JCCNetwork.id – Ketua Presidium Jaringan Aktivis Reformasi Indonesia 98 (JARI’98), Willy Prakarsa, mengingatkan bahwa dalam dinamika politik terkait Pilpres dan Pileg, kemenangan dan kekalahan merupakan hal yang pasti.
Dalam hasil quick count Pilpres 2024, pasangan calon nomor urut 02, Prabowo Subianto-Gibran Rakabuming Raka, berhasil meraih kemenangan. Namun, bagi pihak yang kalah, disarankan untuk tidak melakukan provokasi melalui media sosial atau menyebarkan berita palsu.
“Bagi yang kalah juga jangan suka main provokasi di medsos dan sebar berita hoax,” kata Willy Prakarsa, dikutip dari akun media sosialnya, Kamis (15/2/2024).

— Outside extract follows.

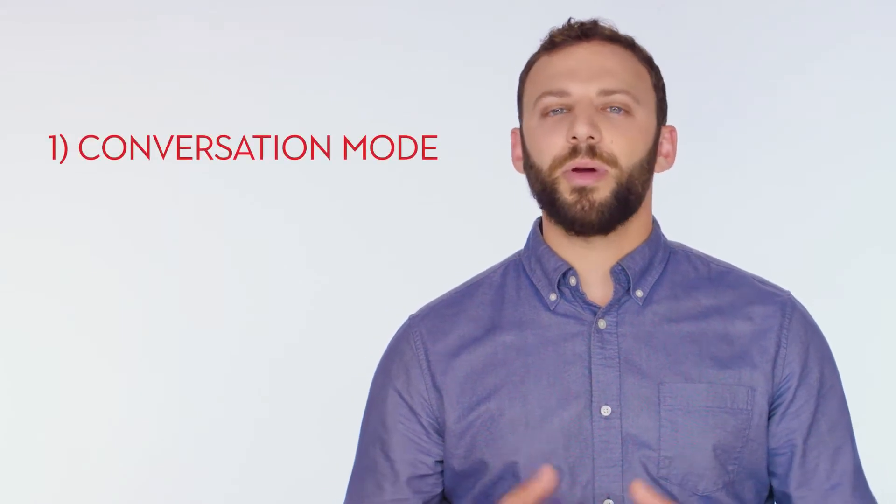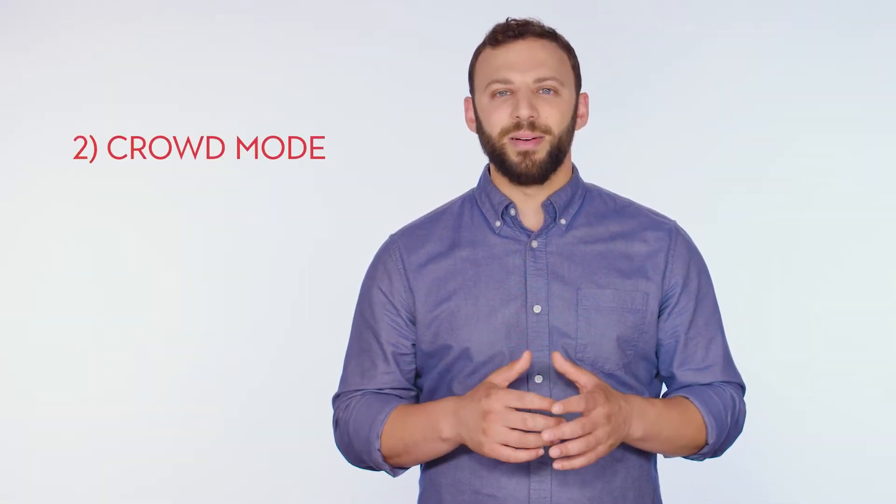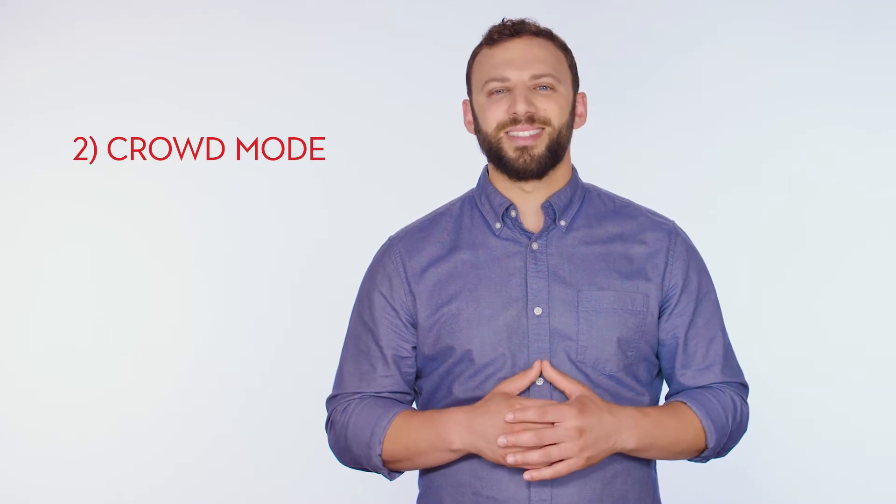The device will make distinctive beeps as you move through the four listening modes. The first mode, indicated by one beep, is called Conversation and is great for amplifying conversations with friends and family. The second mode, indicated by two beeps, is called Crowd and is best in crowded environments like a busy restaurant.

Willy Prakarsa yang juga aktivis senior 98 tersebut, menekankan, bagi pihak yang tidak puas dengan hasil Pilpres, dan setelah Komisi Pemilihan Umum Republik Indonesia (KPU RI) merilis hasil resminya, maka mereka dapat mengajukan gugatan ke Mahkamah Konstitusi (MK) dan Badan Pengawas Pemilu (Bawaslu). Hal ini sebagai bentuk menjaga ketertiban dan keadilan dalam proses politik di Indonesia.
“Kalau kalah kurang puas silahkan mengadu ke Mahkamah Konstitusi (MK) dan Badan Pengawas Pemilu,” kata Willy Prakarsa.